*WHAT THE EXERCISE ASKS*.
Output must consist only of the lines of the material below from the one with "Khối xe ô tô" through the one with "Bitterballen is the", each reproduced exactly; no pictures belong in it.

*RECORDS TO PROCESS*.
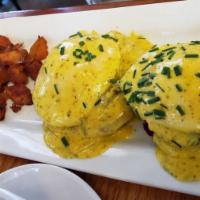 Lapsang Souchong Benedict · Poached eggs, lapsang souchong tea sausage, English muffin, green-tea-infused hollandaise, p...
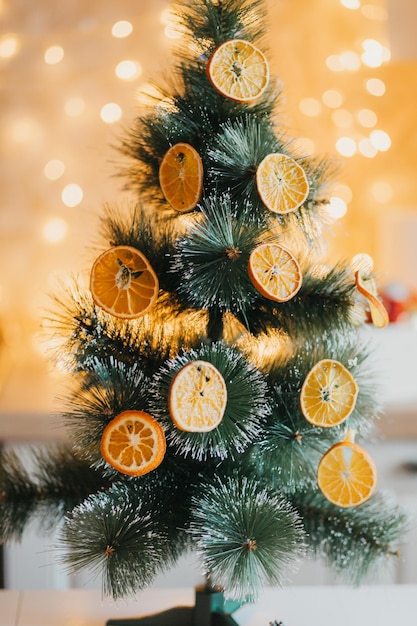 In de winter is de boom buiten versierd met gedroogde sinaasappels, groene takken tegen een wazige achtergrond en geelgouden bokeh. Feestelijke inrichting in eco-stijl. Vrolijk kerstfeest.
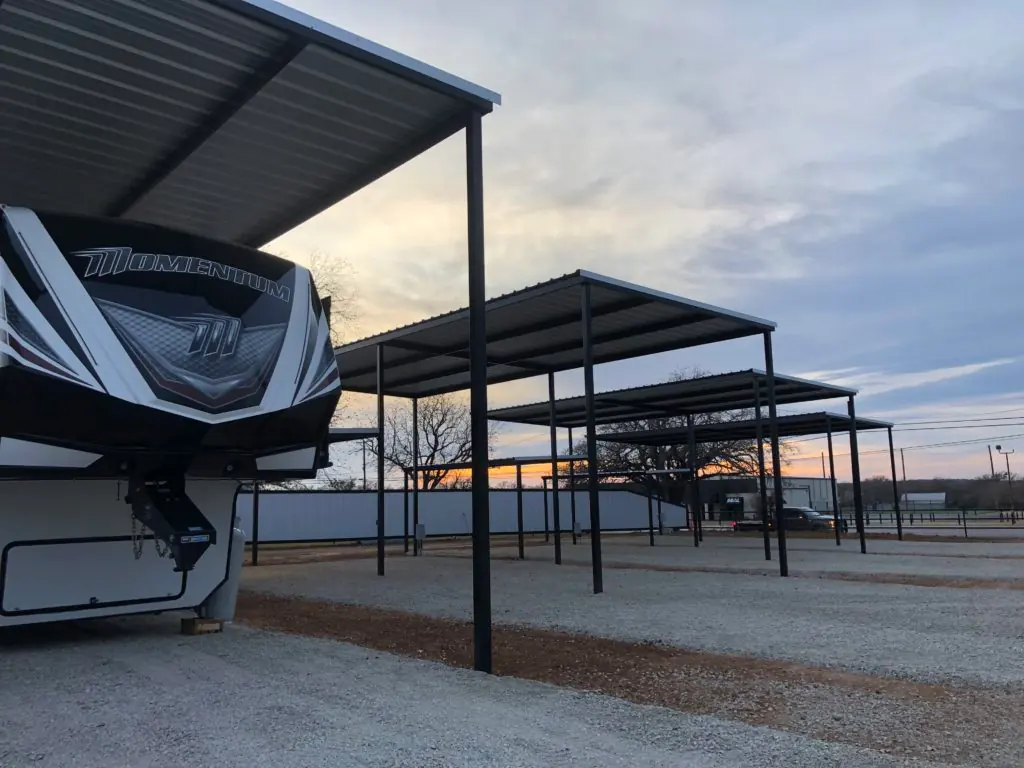 A covered site with an RV parked under the carport
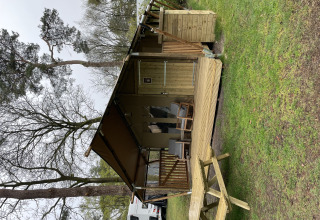 Tienda safari Summer Lodge en Beerze Bulten, Países Bajos, con terraza de madera y mesa de picnic exterior.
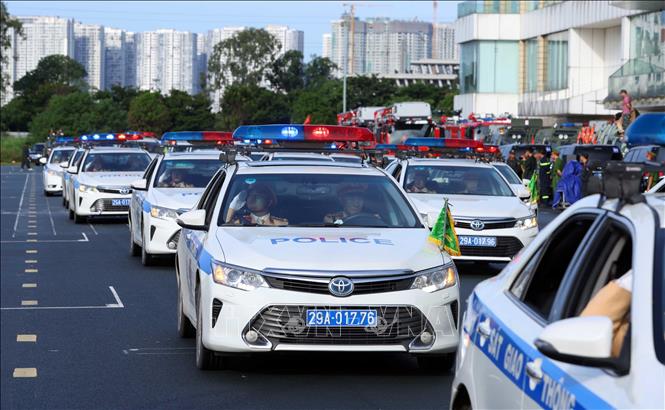 Khối xe ô tô lực lượng Cảnh sát giao thông tham gia diễu binh, diễu hành tại buổi hợp luyện lần 3. Ảnh: Phạm Kiên - TTXVN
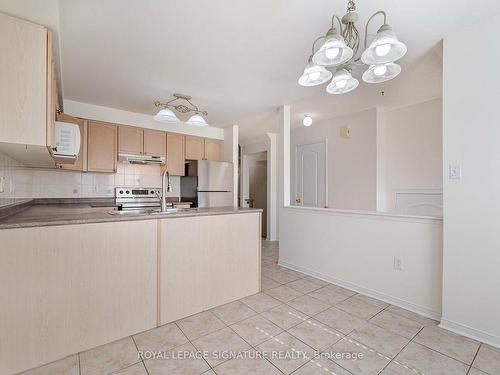 113-5530 Glen Erin Dr, Mississauga, ON - Indoor Photo Showing Kitchen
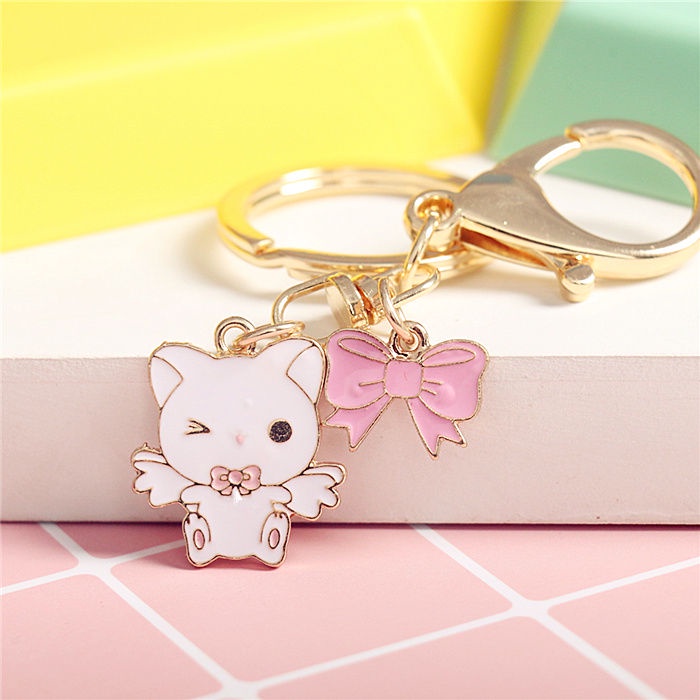 Móc Khóa Hình Thỏ / Mèo / Ngựa Thắt Nơ Dễ Thương Sáng Tạo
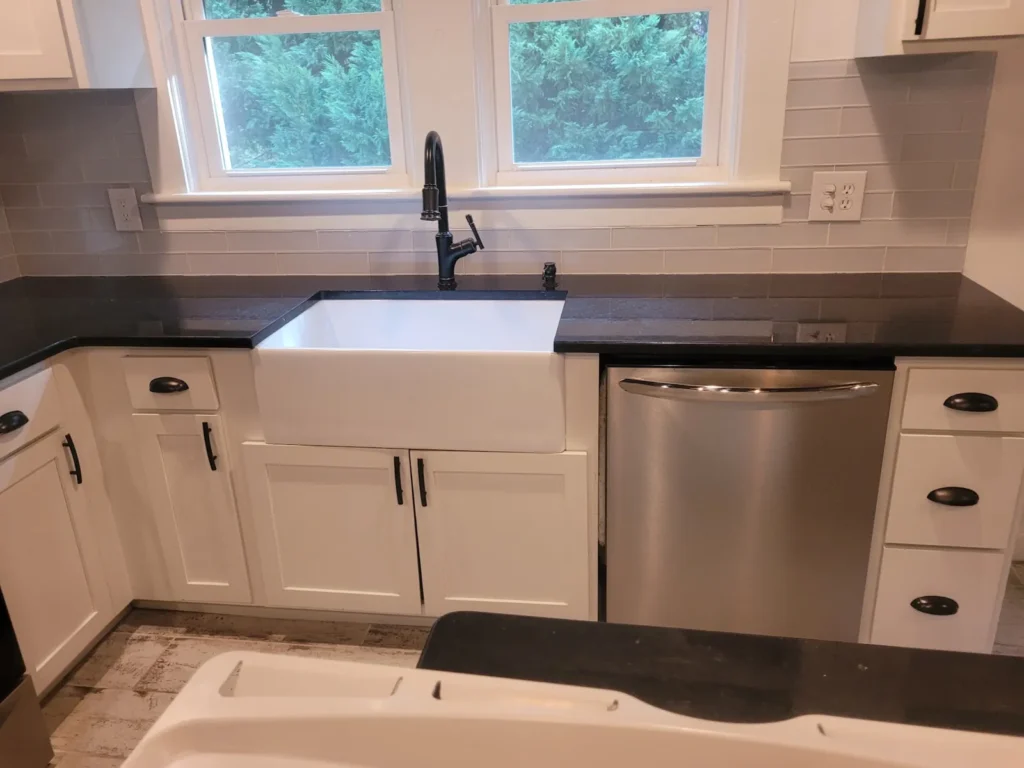 Kitchen sink and faucet after a Flow Logic plumbing repair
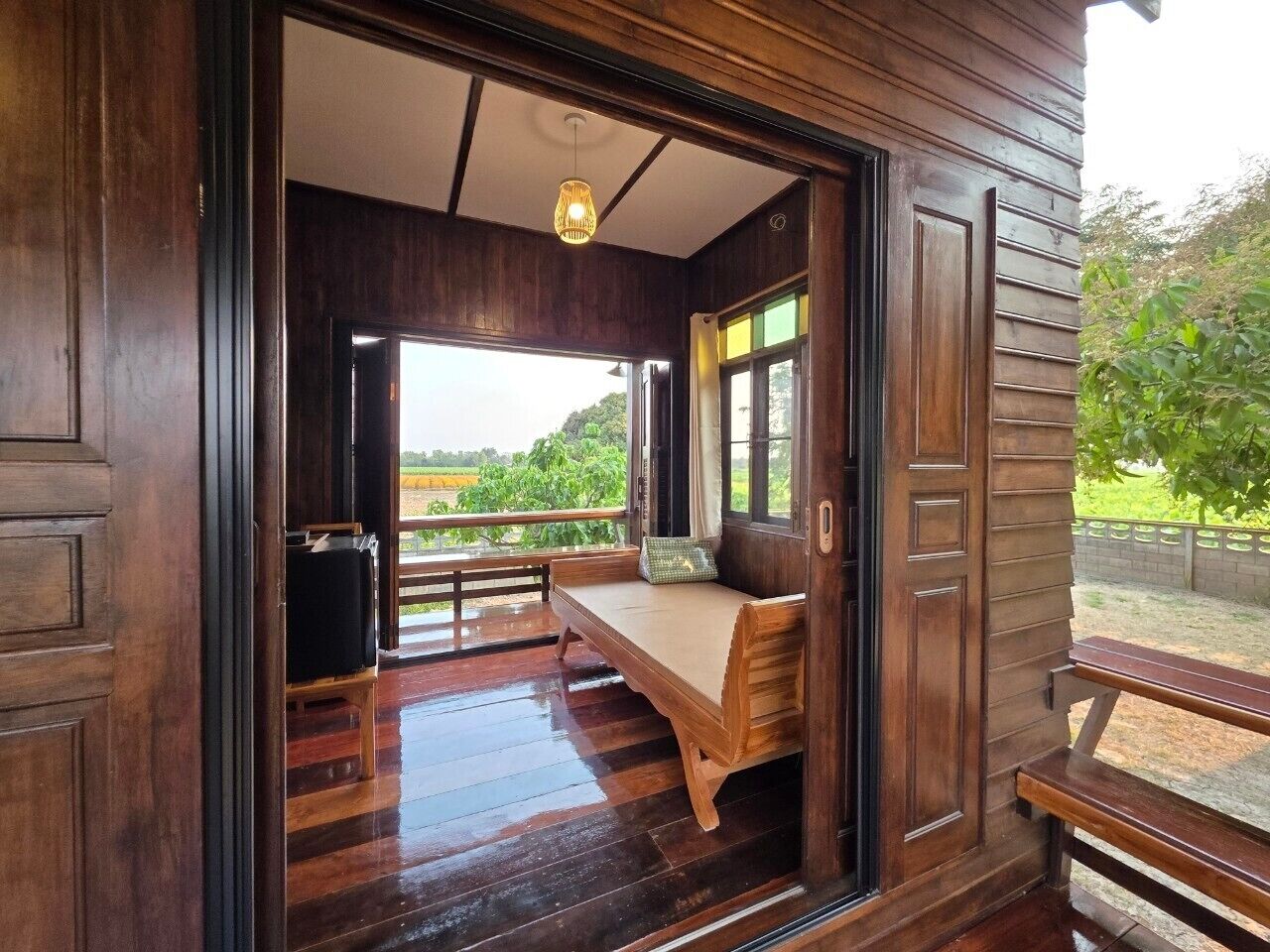 A wooden room with a bench, a small table, and a view of greenery outside.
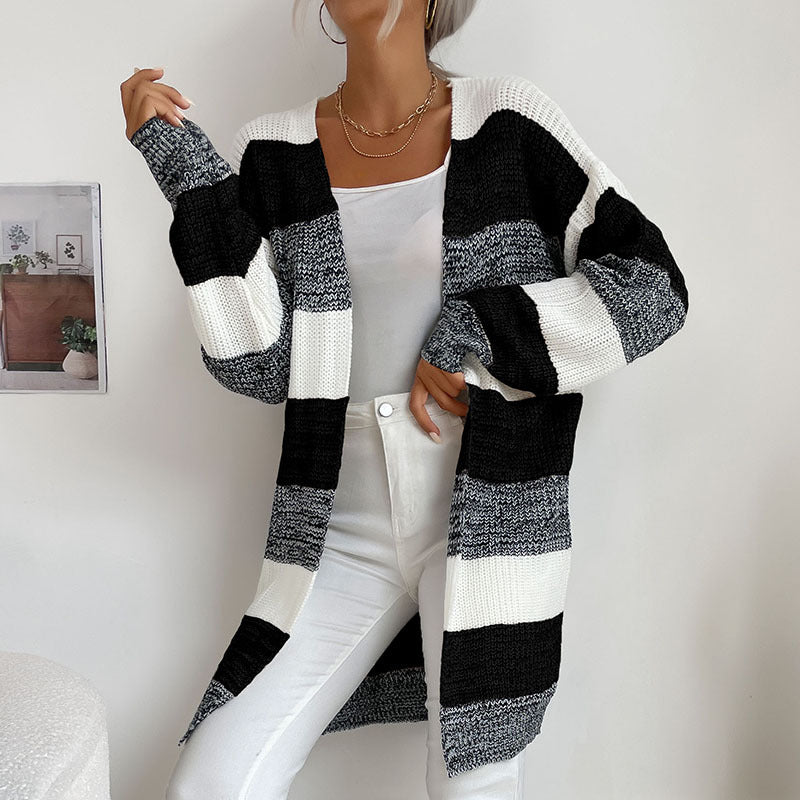 A woman in black, white and taupe striped open cardigan paired with white tank top and white jeans standing against white wall
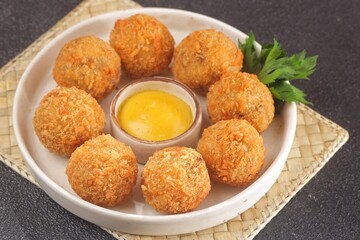 Bitterballen is the name of a type of food in the Netherlands. Bitterballen taste similar to croquettes, but are small round shapes about 3 to 4 cm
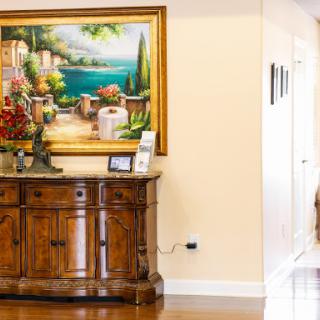 A cozy living space featuring a wooden cabinet adorned with a vibrant painting and decorative flowers.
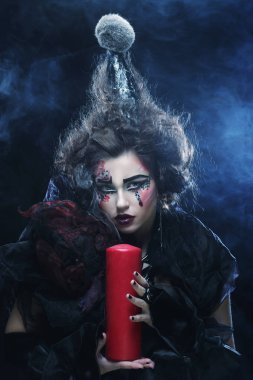 Elinde mum tutan karnaval kostümü giyen genç bir kadın..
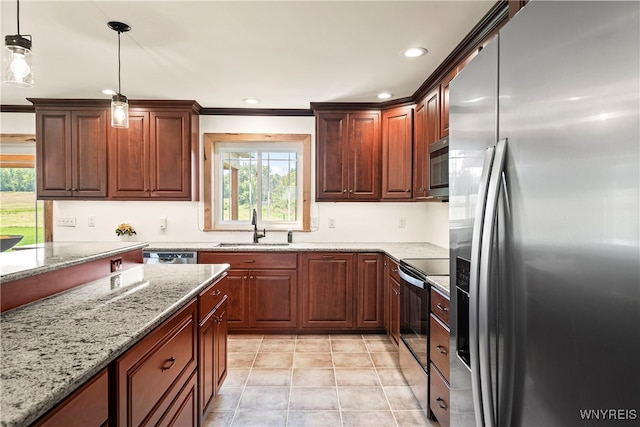 kitchen featuring appliances with stainless steel finishes, a healthy amount of sunlight, sink, and pendant lighting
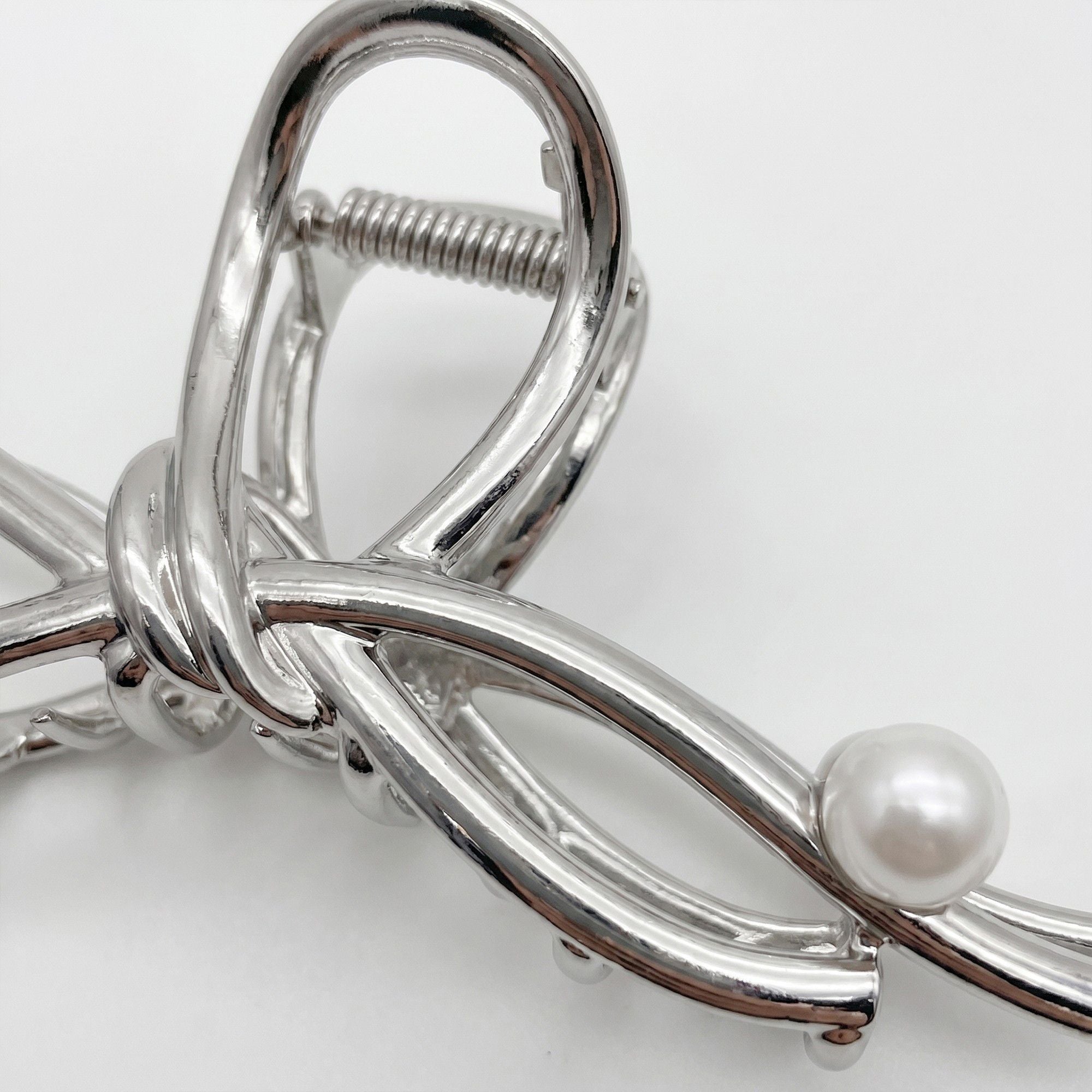 Bow Shaped Hair Clip with Faux Pearl Accent and Open Frame Design 4.5x1in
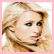 A pixelated 54x54 buddy icon featuring a blonde woman's face on the left and pink text "P.H." on the right, framed by a light pink border.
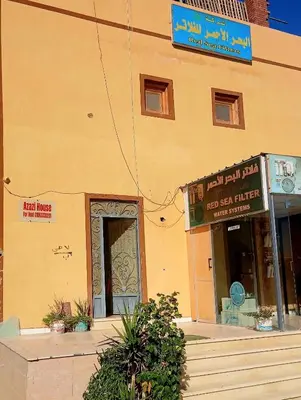 a yellow building with a sign in front of it at Azazi house in Quseir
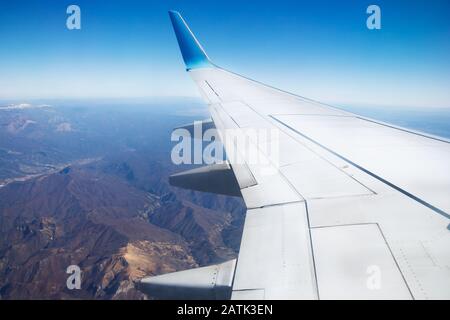 Photo from window of wing airplane flying over Alps mountains. Travel concept Stock Photo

*OUTPUT BELOW*.
 Khối xe ô tô lực lượng Cảnh sát giao thông tham gia diễu binh, diễu hành tại buổi hợp luyện lần 3. Ảnh: Phạm Kiên - TTXVN
 113-5530 Glen Erin Dr, Mississauga, ON - Indoor Photo Showing Kitchen
 Móc Khóa Hình Thỏ / Mèo / Ngựa Thắt Nơ Dễ Thương Sáng Tạo
 Kitchen sink and faucet after a Flow Logic plumbing repair
 A wooden room with a bench, a small table, and a view of greenery outside.
 A woman in black, white and taupe striped open cardigan paired with white tank top and white jeans standing against white wall
 Bitterballen is the name of a type of food in the Netherlands. Bitterballen taste similar to croquettes, but are small round shapes about 3 to 4 cm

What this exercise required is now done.